At 6:30am the ferry disgorges its 150 drowsy drivers for their long journeys on unfamiliar roads. I am heading to Mt Somers to kick things off with a short overnight tramp, and waste no time heading down-country.
I drive the recently re-opened State Highway 1 north of Kaikoura, destroyed by earthquake in 2016. The road only opened three days ago, a christmas present to the nation. There is a celebratory atmosphere from the lollipop people and engineers dotting the route; they did a lot of work to get it open for Christmas!
I visit my families’ graves in Ashburton. I visit the churches again in the hopes they’re open, to steep myself in family history – but alas, shut again.
Popping by the Countdown for some tramping food, I buy a raspberry muffin as part of my lunch. The checkout lady asks ‘Are you going to eat this?’
‘I intended to, yes’ I reply. Her face implies I am the one being stupid.
I drive to the mountains, intending to stay at (or near) Woolshed Creek Hut. It’s a couple of hours walk through the remains of a failed coal mining venture from 1958. There are some wrecked machinery and things to keep things interesting, walking through regenerating black beech forest.
Parties heading the opposite direction inform me of a large family group at the hut; complete with loud toddlers and children. ‘Good luck’ they say. I continue on, glad I brought the tent! The views are wonderful; there’s still some snow on in the distant Alps – how lucky Cantabrians are to have this as their back yard.
Just as the views get so good I decide to keep the camera on me as opposed to in my pack, I spy the hut below me. I scramble down, and hear the shouting, stamping children long before I enter. They are loud and obnoxious. The parents look on, almost apologetic; but not apologetic enough to do anything about it. I boil water for a coffee; one kid throws his socks at me. I throw socks back, pack up the cooker and pitch the tent 50 metres away.
The weather is mercifully clement and I enjoy reading Cloud Atlas. It is a good yarn (pity about the movie). As the evening goes by, the DOC volunteer hut warden visits me. At the popular huts, volunteer wardens can live in residence, with a private living quarters. Tragically, the former warden had slipped and died in the area recently; I sat and reflected on that pointless violence in this beautiful setting – so chaotic and sad. This hut warden was driven out to the hut by 4×4; DOC’s health and safety was under review. She suggested some trips further south, and checked my hut pass (camp within 100 metres of this hut and you need a pass or $5; a few tenters were hidden up the valley to avoid this extravagance).
Dinner was a pasta snack, with half a carrot, an onion and some salami. A tasty and easy tramping dinner. Cuisine is never high in my trip planning; with so many decisions to make, being creative with what to eat is just extra work, so I am happy to stumble onto a winner.

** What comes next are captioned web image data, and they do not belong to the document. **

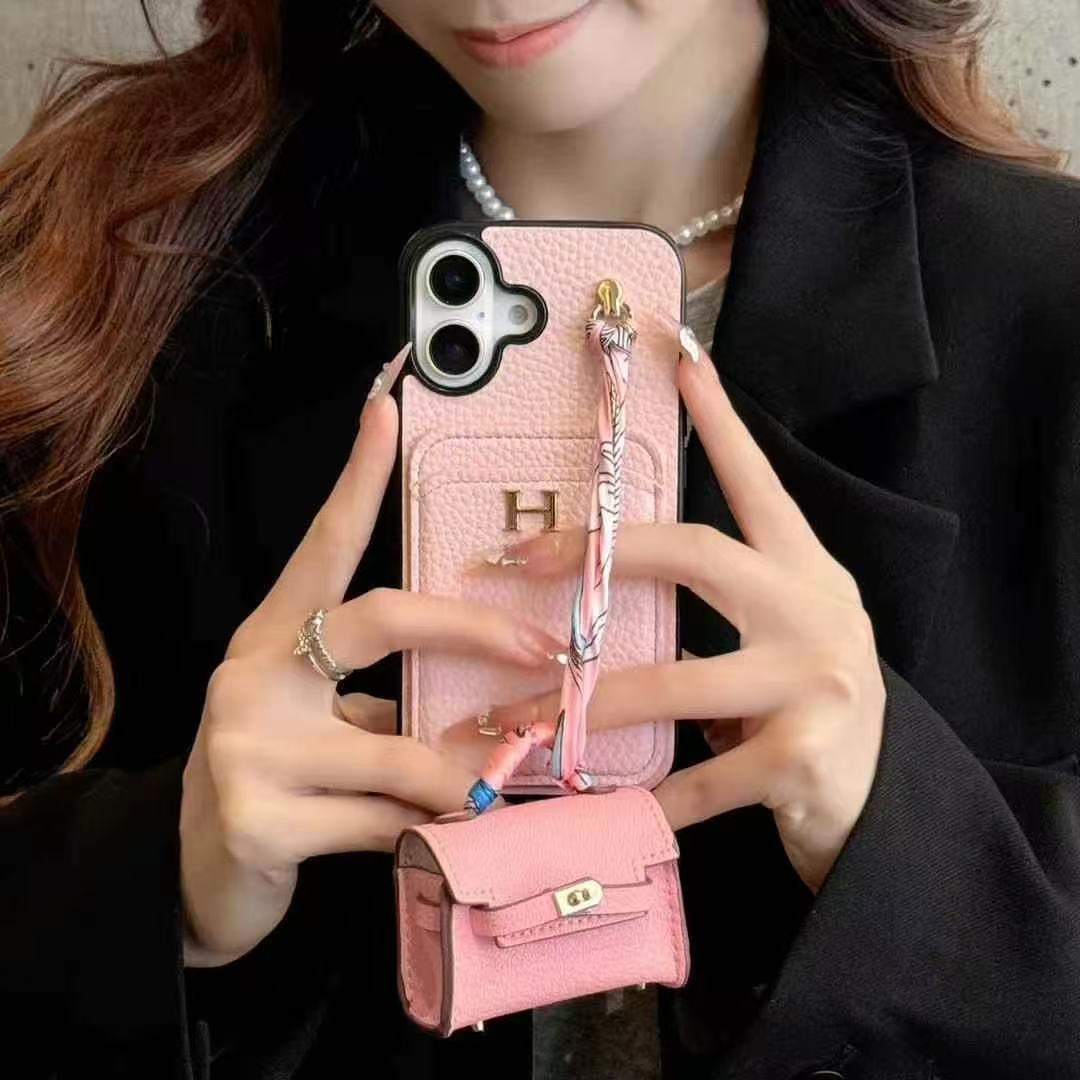 Modern Headphone Pouches: Fashionable Shield Mode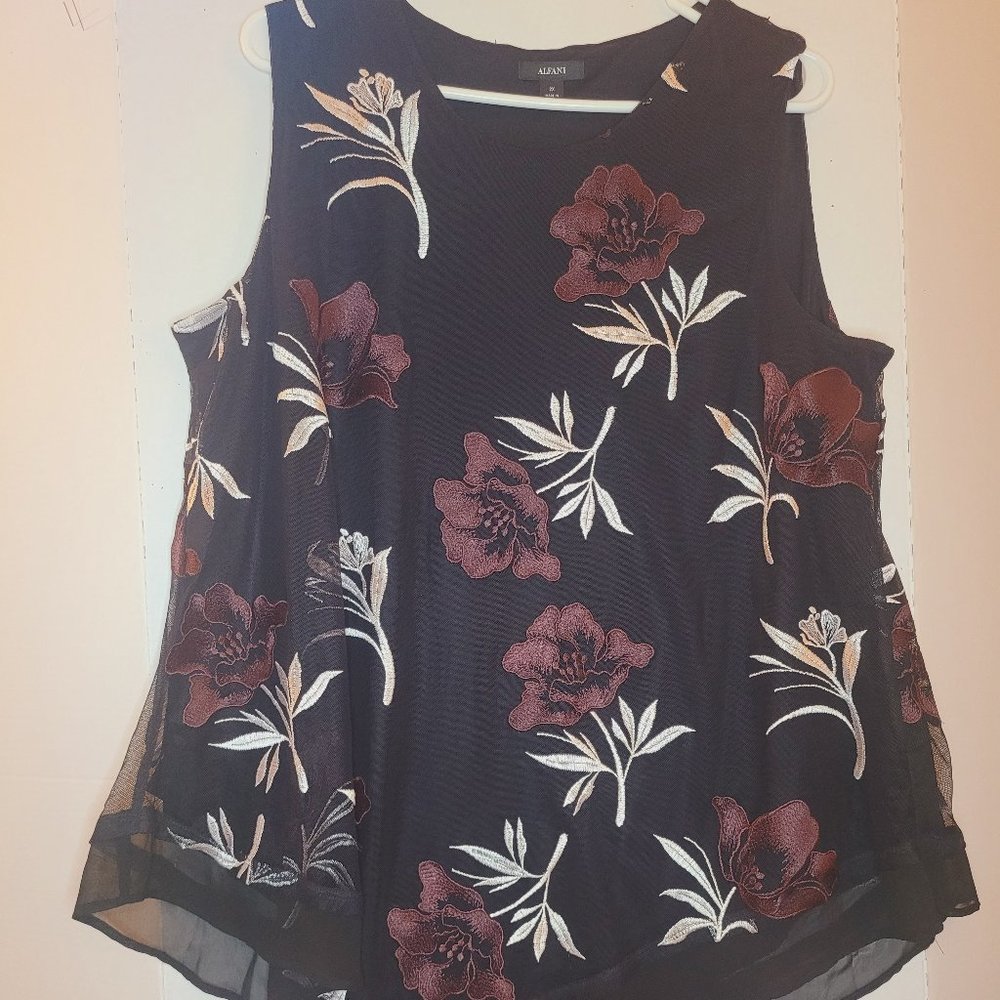 ALFANI Black Floral Embroidered Pointed Hem Blouse Top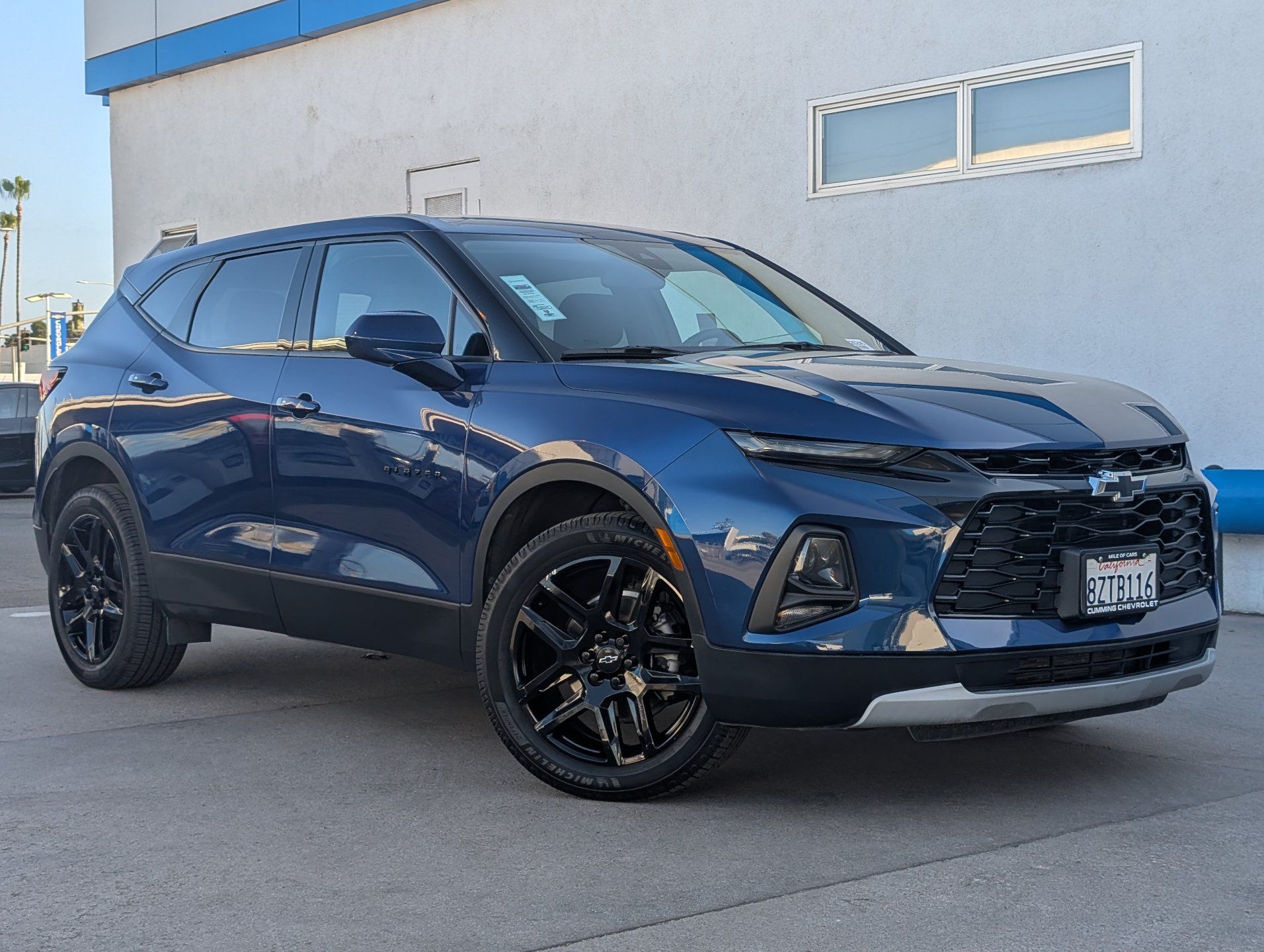 View vehicle photo 2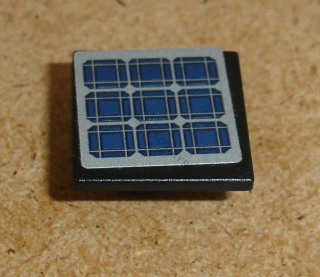 Lego 939554 (15210pb097) značka s nálepkou (solární panel) 1 ks POUŽITÉ
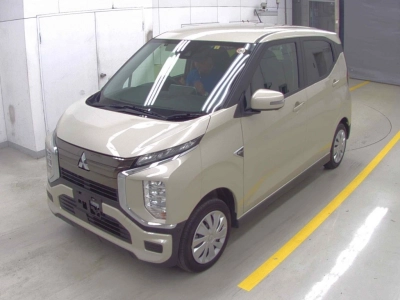 MITSUBISHI EK X EV
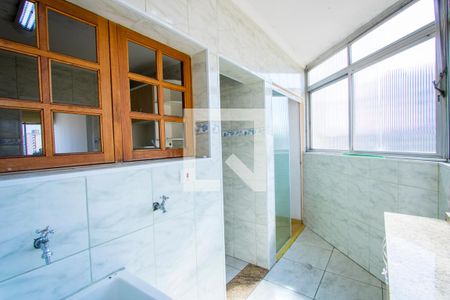 Apartamento à venda com 60m², 2 quartos e 1 vaga Apartamento à venda com 60m², 2 quartos e 1 vagaÁrea de serviço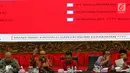 Sejumlah kader PDIP menggelar  focus group discussion (FGD) bertema 'Ekonomi Gotong sebagai Pilar Ekonomi Nasional' " di Jakarta, Kamis (04/7/2019). FGD dilakukan untuk merumuskan langkah ekonomi yang akan dibawa dalam Kongres V PDIP pada Agustus 2019. (Liputan6.com/JohanTallo)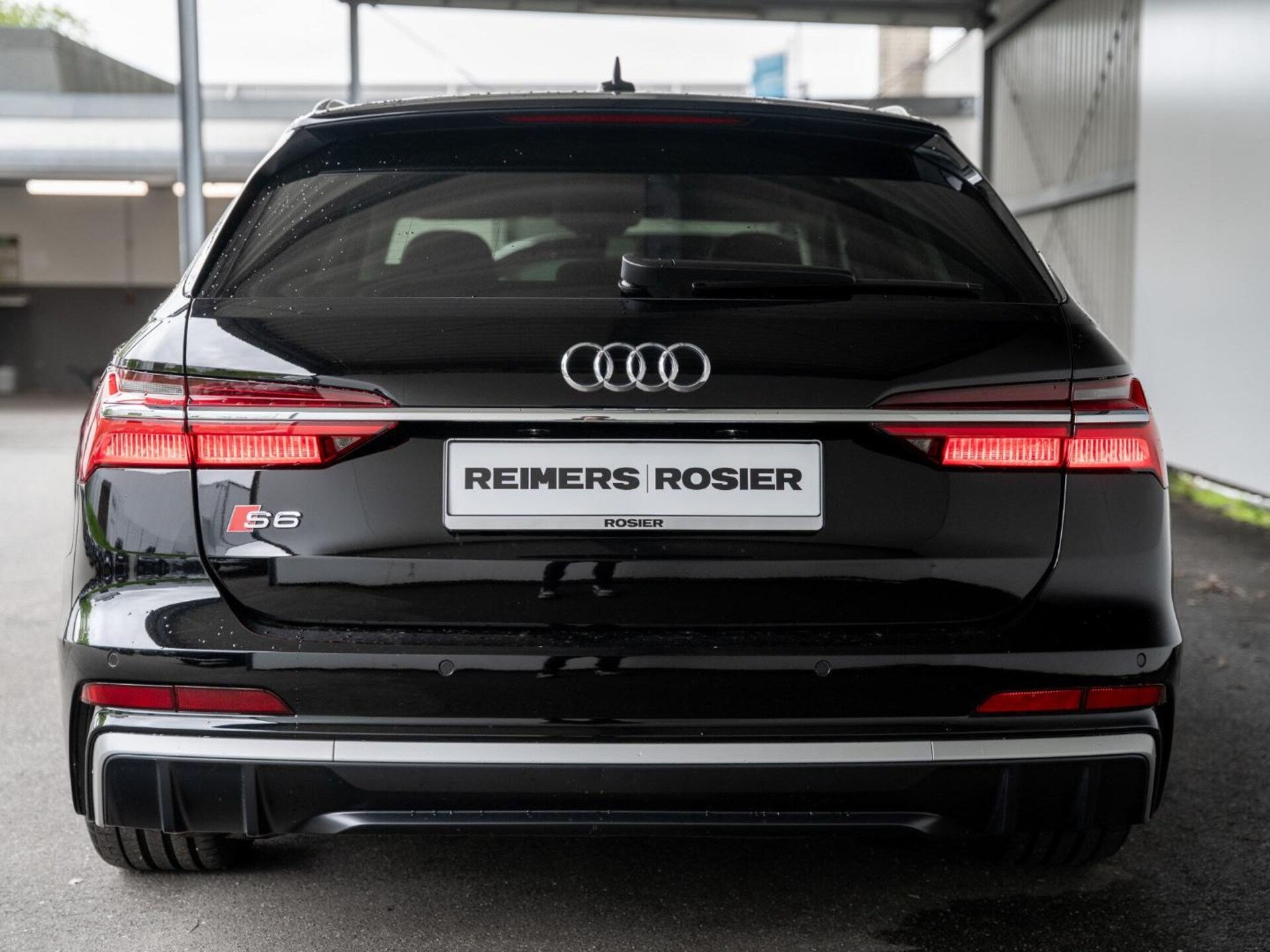 Audi S6 Avant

I awake in the morning to find frost on the tent; no wonder I needed more layers during the night!
In the morning I depart via the South face of Mt Somers to come down Rhyolite ridge. Fortune being what it is, I leave as the family take a short trip to the bridge; I get to talking with Dad. ‘Must be peaceful alone’ he says wistfully. The track is a steeper ascent and surprisingly poorly sign-posted for such a popular route. I cross paths with a European motorbike tourer. Letting him go ahead, I end up ahead of him some hours later; he got lost but found his way.
It was a nice and easy overnight tramp, with stunning views. I’d like to do the full loop some day, but not with the camera + tent – one of the days is 9 hrs long.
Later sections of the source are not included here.